Un domingo 22 de mayo de 1938 el entonces Consejo Municipal (actual Ayuntamiento), presidido por Manuel Bellot Orgilés, convocó a todos los vecinos de la ciudad a la plaza de la República (actual plaza de la Constitución) para dar lectura a la primera gran declaración pública del gobierno presidido por Juan Negrín. Declaración más conocida como los “Trece puntos de Negrín”.

Elda era entonces una ciudad de retaguardia. Acogía a varios miles de personas refugiadas de los frentes bélicos, entre ellos niños y niñas, procedentes de Madrid y de Asturias. La escasez de alimentos básicos empezaba a hacerse patente en el suministro a la población de los artículos de primera necesidad.

Por orden gubernamental y el mismo día en todos los pueblos del territorio español bajo gobierno de la República, el 22 de mayo de 1938 se procedió a dar a conocer a todos los vecinos la propuesta del gobierno conocida como los “Trece puntos de Negrín”. Aquel acto fue de obligado cumplimiento en todos los municipios, siendo necesario dejar plasmada de forma gráfica la concentración de los vecinos en las plazas o lugares donde se leyesen y diesen a conocer.

Texto del bando municipal emitido por el Consejo Municipal de Elda el sábado, 21 de mayo de 1938

En Elda tenemos la fortuna de haber conservado una foto que hasta el momento ha sido mal interpretada y mal fechada y que debe corresponderse con total seguridad a aquel día de hace 81 años, en la que unos centenares de eldenses escucharon los famosos “Trece puntos” con los cuales el gobierno de la República pretendió buscar apoyos internacionales para finalizar la Guerra Civil mediante una paz negociada con los sublevados. Programa conciliador rechazado de plano por el general Franco que, tras el éxito militar de la ofensiva de Aragón, se supo próximo a ganar la guerra e imponer la rendición incondicional.

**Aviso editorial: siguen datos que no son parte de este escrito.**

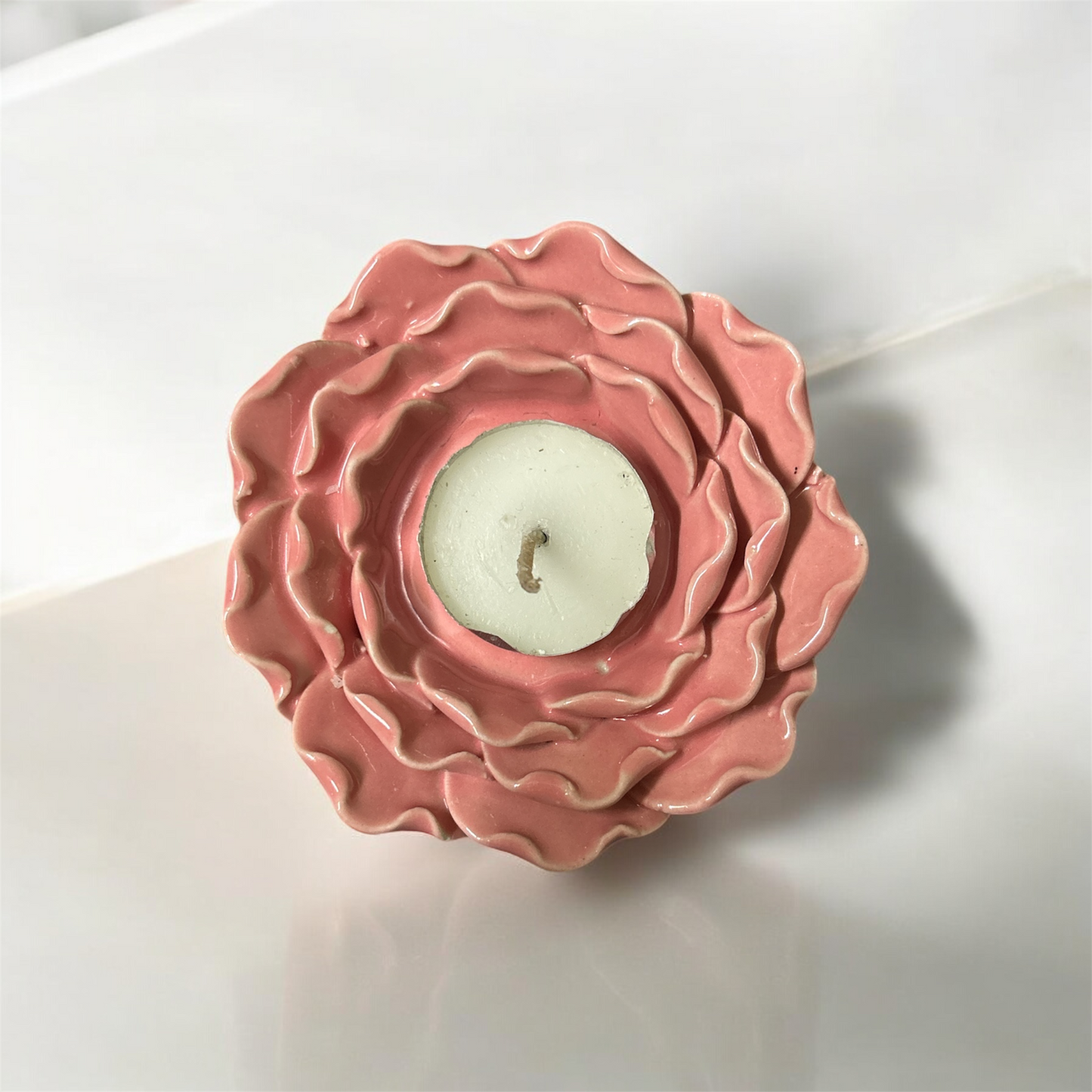 SOULCRAFTZ Designer Candle with Ceramic Holder | Flower Petals Style Flower Candle Lamps for Diwali | for Home Decor, Table Decoration, Christmas & Wedding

Escasos 11 meses quedaban para el final de la guerra. De mayo del 38 a abril del 39, los acontecimientos se precipitaron; el agotamiento, cansancio y desánimo militar era patente; la disensiones internas hicieron mella en la cohesión republicana y la República Española fue abandonada a su suerte por las potencias occidentales. Tras la caída de Cataluña en manos franquistas, la suerte estuvo echada para la República.